Thereafter, the Supreme Court proceeded to state that the test to be applied would be the same as the one stated in Rameshwar Shaw's case and a few other cases and pointed out that when the detention order was made merely on the ground that the detenu was trying to come out of bail and there was enough possibility of his bail, such an order cannot be sustained. From the above observations of the Supreme Court, it is clear that after the first stage is over in which the antecedent history of the person to be detained and his conduct are examined, the detaining authority has to consider whether it is likely that the said person would act in prejudicial manner in future if he is not prevented by doing so by an order of detention.
8. The next decision referred to by the learned counsel for the petitioner was Ahmedhussain @ Ahmed Kalio v. Commr. of Police Ahmedabad, (1989) 3 JT 689 : 1989 Cri LJ 231) wherein again it was observed that the fact that a person was likely to be released on bail cannot be a basis for detaining the person under law. In the said case, infact the detaining authority had observed that the person was likely to continue his antisocial activities after his release on bail from the Court. In spite of such an inference, stated specifically in the ground of detention, the Supreme court found it not possible to sustain the detention order. These two recent decisions of the Supreme Court lay greats emphasis on the need for cogent and relevant material to exist to make an order of detention in respect of a person already in custody.

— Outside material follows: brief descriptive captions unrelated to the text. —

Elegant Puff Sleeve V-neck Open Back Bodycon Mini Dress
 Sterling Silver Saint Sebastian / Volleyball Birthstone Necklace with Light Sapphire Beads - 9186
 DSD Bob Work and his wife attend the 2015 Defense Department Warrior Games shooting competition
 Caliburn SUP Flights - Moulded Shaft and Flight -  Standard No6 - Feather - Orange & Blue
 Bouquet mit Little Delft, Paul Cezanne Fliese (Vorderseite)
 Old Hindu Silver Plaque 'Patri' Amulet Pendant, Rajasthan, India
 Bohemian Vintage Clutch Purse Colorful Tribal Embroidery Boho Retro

9. Mr. Ashok, learned standing counsel for the Central Government tried to sustain the order by referring to a few other decisions. He referred to , (Ayya alias Ayub v. State of U.P.). Reference was made to the statement in the ground of detention in the said case to the effect that "At present, you are confined in District Jail, Meerut and you are trying to get released on bail and there is every possibility of being released on ball". After referring to this passage, the learned counsel referred to para 11 in support of his contention that even though the person is in custody, still an order of detention could be made. A reading of para 11 of the aforesaid decision does not entirely support the proposition canvassed by the learned counsel. The sentences in para 11 are extracted below :
"In the present case, we are not however impressed with the submission of Sri Garg that the detention was solely for the purpose of rendering nugatory the order of bail, the grant of which the detaining authority had then considered quite imminent. It is true that if the only ground or justification for the detention is the apprehension that the detenu was likely to be enlarged on bail, the detention might be rendered infirm."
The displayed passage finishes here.